Somewhere in the so-called free, developed world, a school principal is seen seated in the reading room at his home. The large wooden-finished room seemed a compact version of some of the finest libraries in the world: in structure and in collection. On either side of his study table were neatly stacked books, towering to a height of about fifty centimetres. On the right were those that were read by him. And on the left were those to be read before the month-end. Above his large ornamental ebony chair were inscribed the words: ‘Knowing is everything. Knowledge is liberation.’ His books were mostly academic, philosophical or political; literature was for the feeble hearts is what he believed. To read a book every morning before leaving to work was his routine, something that he followed since his school days. Such was his incredible speed that it never took him more than a couple of days to finish a book of five to six hundred pages. Of course, he was a man of conversation, but more than that he was a man of discipline. If knowledge is his right eye, discipline is his left.


The dark goddess of the man, with her charming firm-ripe-round-breasts, an invisible but very much pounding heart, was ablaze when he touched her shoulders and moved behind her.
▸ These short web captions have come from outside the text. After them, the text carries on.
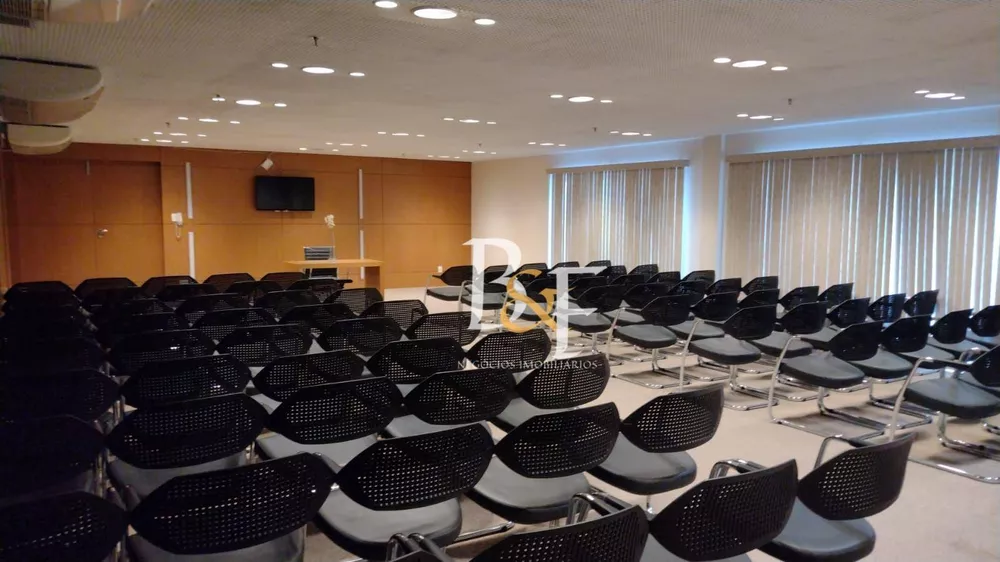 Sala-Conjunto, 28 m² - Foto 11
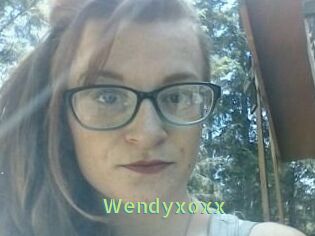 Wendyxoxx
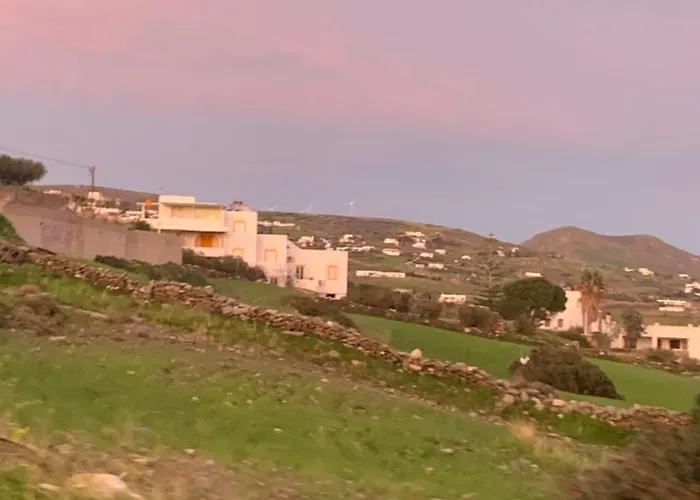 Apartment Aegean Overlook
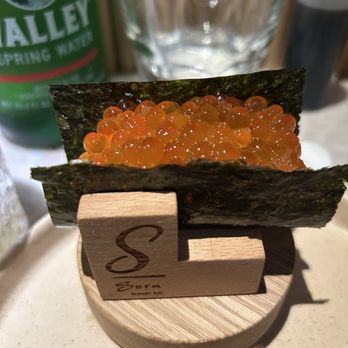 Sora - Ikura - Sushi Bars Near Me - Los Angeles, California Sora - Ikura - Sushi Bars Near Me - Los Angeles, California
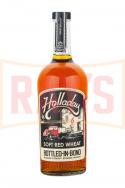 Holladay - Soft Red Wheat Bottled-in-Bond Bourbon (750)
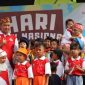 Peringatan Hari Anak Nasional, Tri Adhianto Minta Sekolah Dipasangkan CCTV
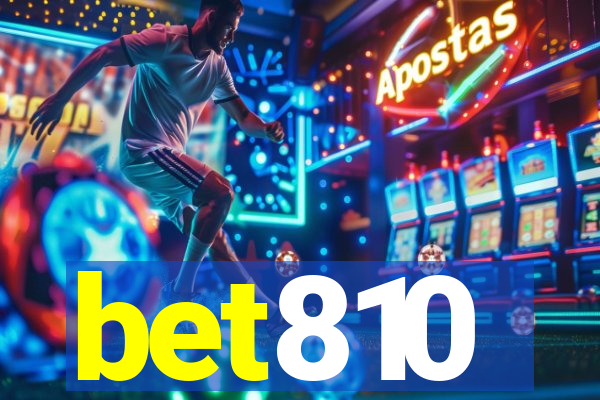 bet810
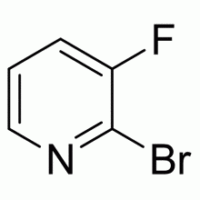2-溴-3-氟吡啶，98%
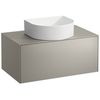 Laufen Sonar Waschtischunterschrank (H4054110340421) Laufen Sonar Waschtischunterschrank (H4054110340421)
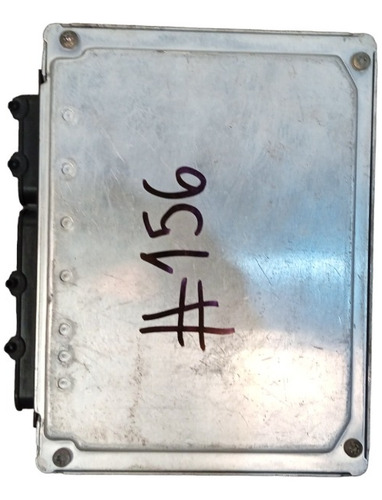 Computadora Audi A4, A6 98-02 4d0907551r Original #156 (Usado)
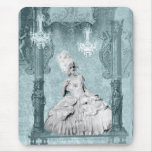 d'Immortal de Mémoire of Marie Antoinette mousepads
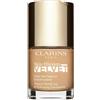 Clarins Skin Illusion Velvet - Fondotinta Idratante Dal Finish Mat, Leggero E Naturale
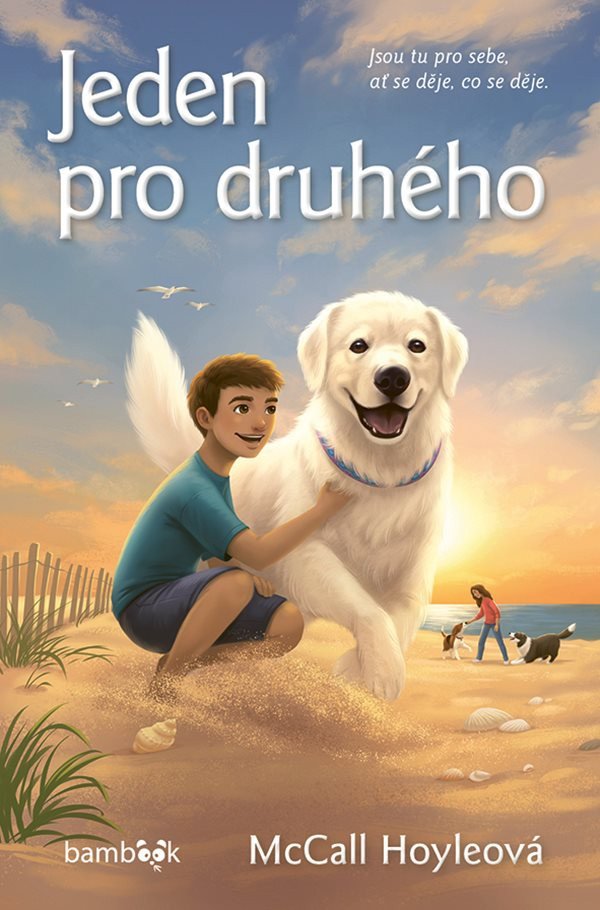 Jeden pro druhého – Hoyleová McCall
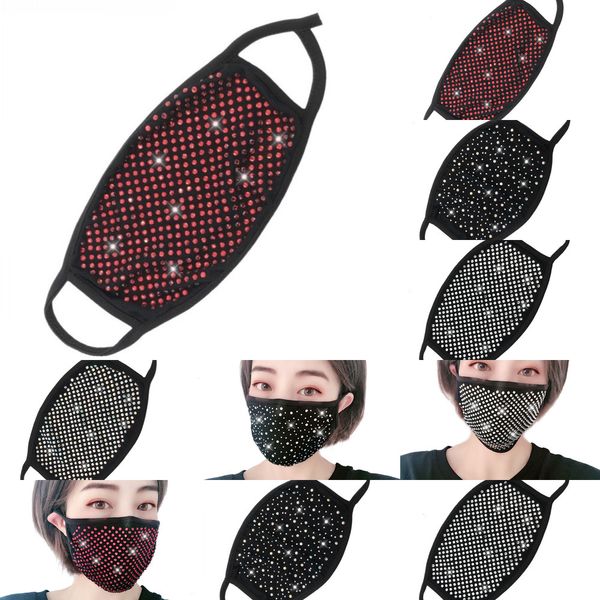 dhl shipping bling party masquerade mouth cover crystal face masks veil decoration club fashion rhinestone mask for wome otefw, Black
dhl shipping bling party masquerade mouth cover crystal face masks veil decoration club fashion rhinestone mask for wome otefw, Black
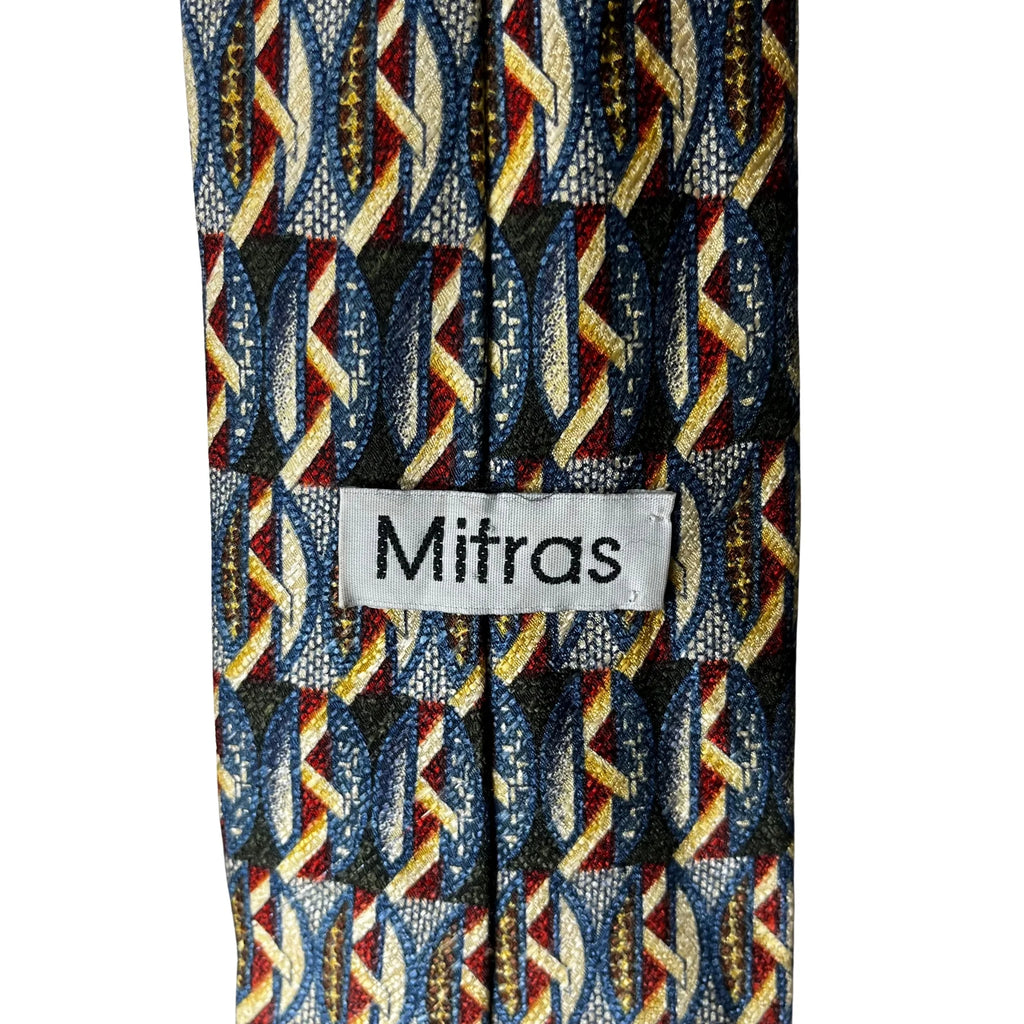 Mitras Necktie 9.5 cm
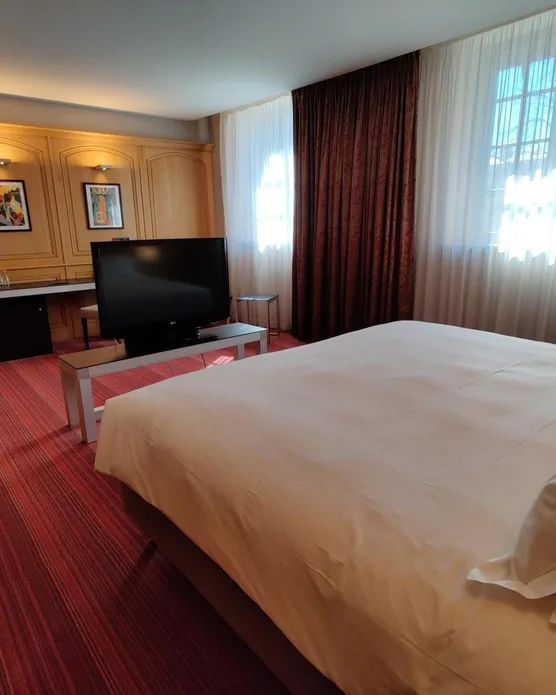 Hôtel Bourgtheroulde, photo 8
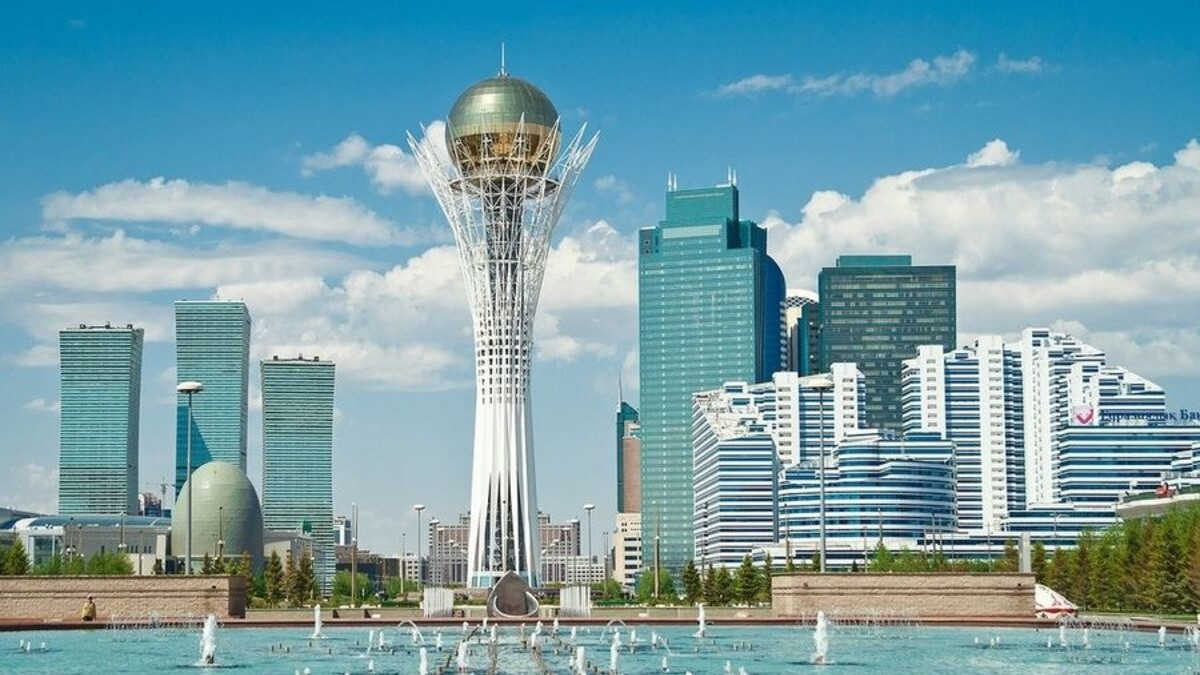 Астана атауын өзгертуге қанша шығын кетеді?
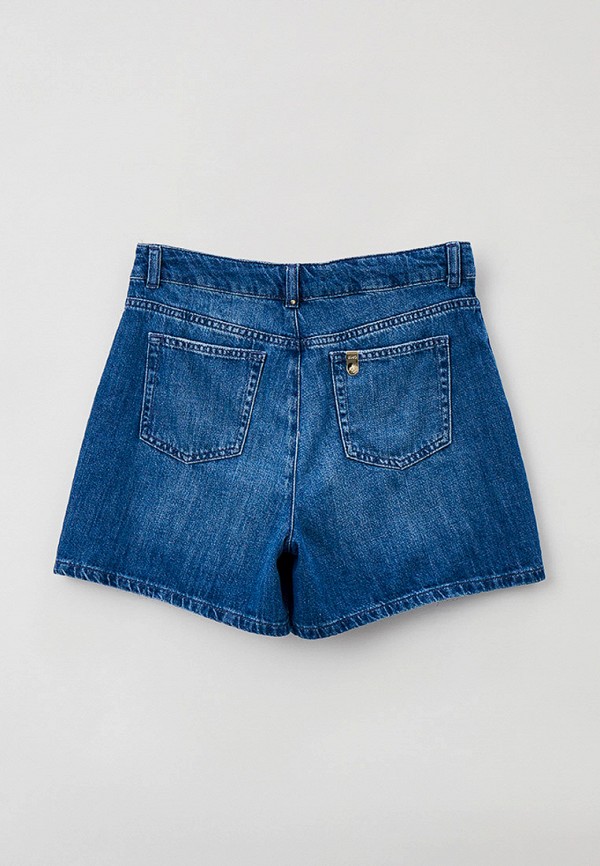 фото Шорты джинсовые liu jo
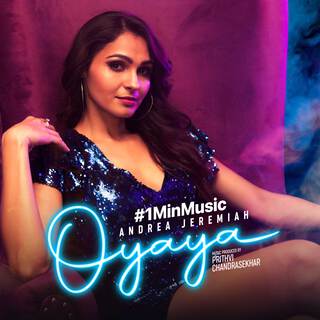 Oyaya cover art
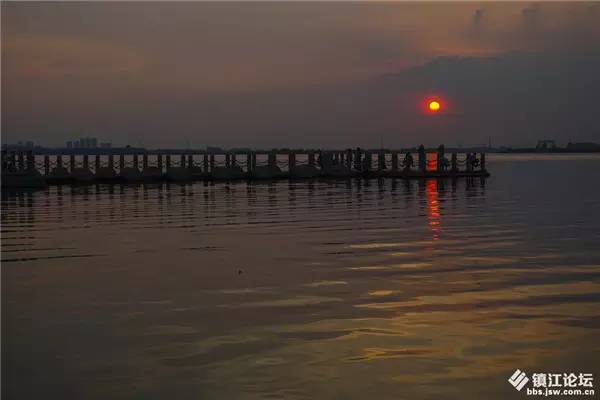 镇江小镇风景优美,镇江风景最好的地方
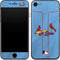 MLB St. Louis Cardinals Alternate/Away Jersey iPhone 8 Skin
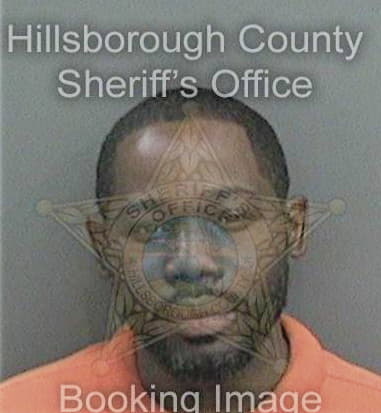 Cecil McGlymps - Hillsborough County, FL 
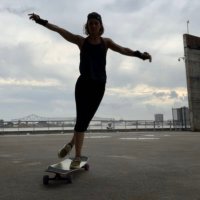 Skate Blanchett 🛹 (@rahblah) 's Twitter Profile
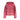 Calvin Klein Rosso Nylon Women's Jacket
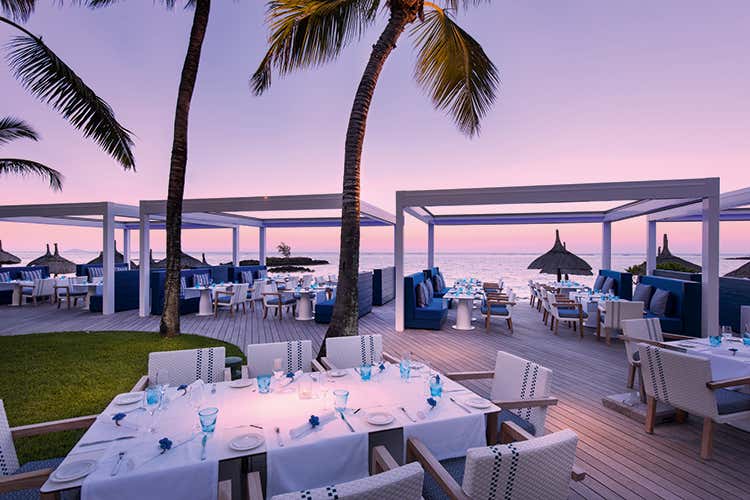 Constance Hotels & Resorts Un oceano di benessere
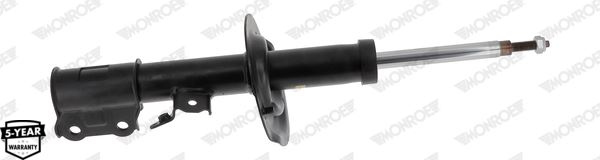 MONROE G7704 Süspansiyon Sistemi Amortisör - HYUNDAI ix20 (JC) uyumlu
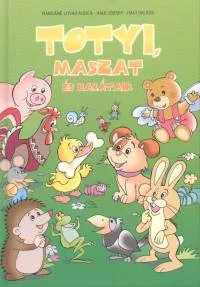 Totyi, Maszat és barátaik Biztonságos fizetés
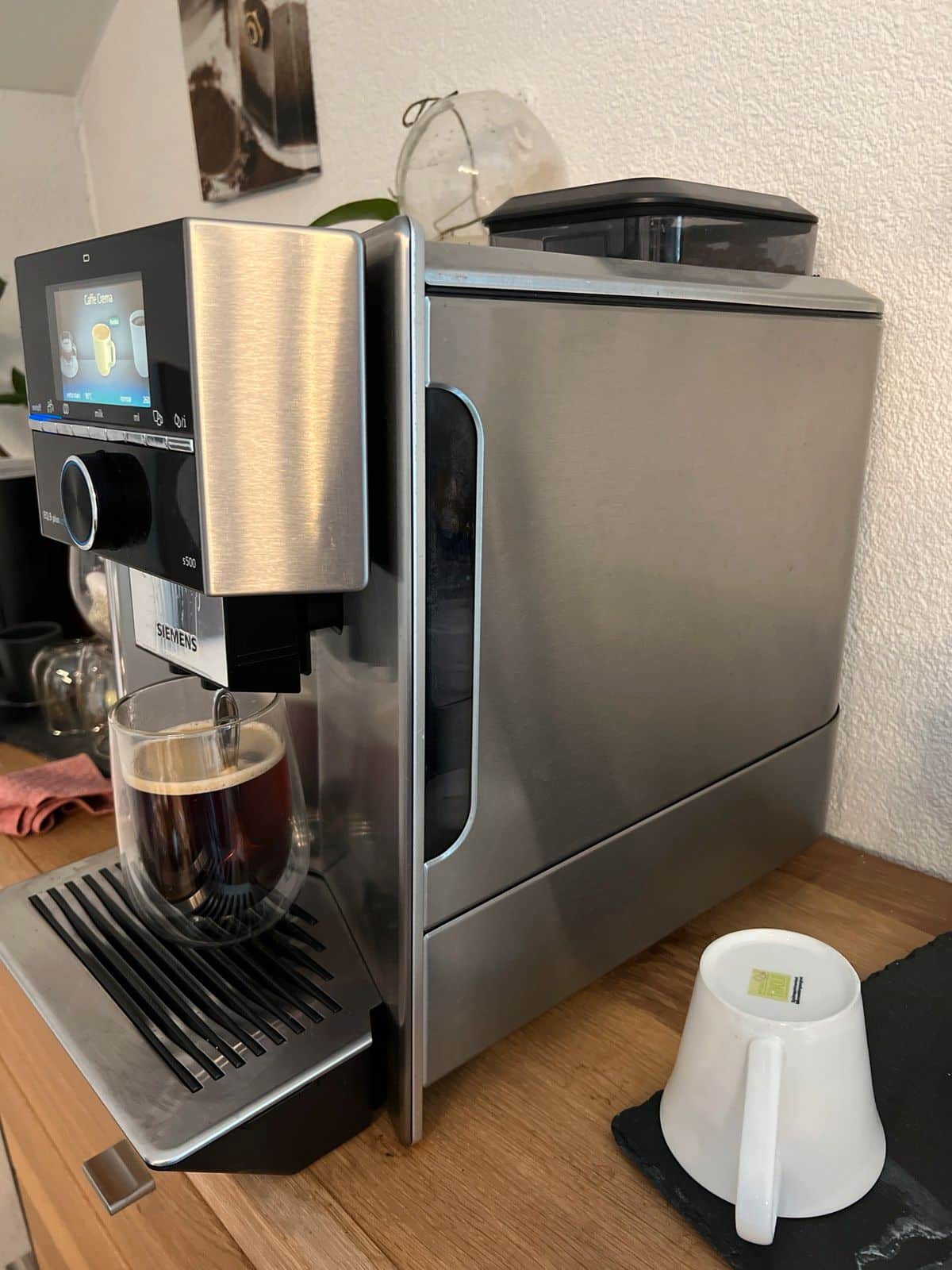 Siemens EQ.9 plus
He admired her long black hair that snaked its way to her waist, held the thicket of her hair near her neck, and slid his fingers slowly down strands of darkness. Down and down. And slipped in between her arms, cupped her breasts, and pulled her towards his warm body.

Her lips parted. She gasped.

Her man held her tight, his large palms fully covering her breasts, measuring not relishing, he whispered, ‘I’ve a gift for you.’

Desire rushed through her veins and arteries, but curiosity won the race. ‘What’s it? ’she asked in a husky voice. The bride hardly understood what it was until her man wore it over her breasts. When he placed it properly and tied it, he found her fill every corner of it, to the tip, making him proud about his sewing skills and the bounty of youth he received. The girl was speechless. This gift was a different experience. ‘You look like a rani.’ Indeed, she felt like a queen. Three moons shone that night, one in the sky and two in the man’s hut.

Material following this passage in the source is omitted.